In the case of ru-en, en-ru pairs, it is easy to determine source language, because the characters are completely different.
It would be nice, if the plugin could determine a source language using the characters from the selection and automatically select a direction from g:trans_directions_list.

@echuraev
Copy link
Owner

I think, it could work only with direction from variable g:trans_default_direction and only if both directions were determined e.g. let g:trans_default_direction = 'en:ru'.

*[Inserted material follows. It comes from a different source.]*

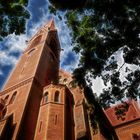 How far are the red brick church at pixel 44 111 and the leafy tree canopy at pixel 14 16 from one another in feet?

In this case it will be easy to make an assumption about translate direction. But in case if there are several languages e.g. 'en:ru+de' maybe it just necessary to change order of languages. In case of translating Russian text it will be something like that: 'ru:en+de'.

I don't think that it will be a good idea to use g:trans_directions_list for determining translate direction because it can be many almost the same options there such as: 'en:ru', 'de:ru', 'en:ru+de'. And in this case if you would like to translate something from Russian, it will be difficult to make the right choice automatically.

Finally, thank you for very nice idea for feature. Personally, I usually use automatic determining of source language and just specify the target language. I'll take a look what can I do for this issue. Also, if you will have a time, you could try to do this feature and create a pull request.

Now maybe the better approach (till this feature is done) is using FZFTransSelectDirection or just change default direction for session by using :FZFTransChangeDefaultDirection when you want mostly translate from one specific language to another. I use :FZFTransChangeDefaultDirection mostly when I need to translate many Russian words to another language during one session. Did you try to use FZF functions?

@echuraev echuraev added the enhancement New feature or request label Sep 18, 2019
@Rom888
Copy link
Author

Rom888 commented Sep 19, 2019

Egor, I agree that using g: trans_default_direction will be better than g: trans_directions_list, for reasons that have been voiced.
Today I installed and tried fzf for the shell and for Vim, these are really cool products!
I also tried the FZF functions of your plugin, but to be honest, it’s more convenient to use these keyboard layouts:

inoremap <silent> <leader>tr <ESC>:Trans :ru<CR>
nnoremap <silent> <leader>tr :Trans :ru<CR>
vnoremap <silent> <leader>tr :Trans :ru<CR>
inoremap <silent> <leader>te <ESC>:Trans :en<CR>
nnoremap <silent> <leader>te :Trans :en<CR>
vnoremap <silent> <leader>te :Trans :en<CR>

@LeoSol56
Copy link

Hello Egor,

Using PlugInstall, I installed " translate-shell.vim " in my NeoVim (NVIM v0. 3. 4). The installation was successful.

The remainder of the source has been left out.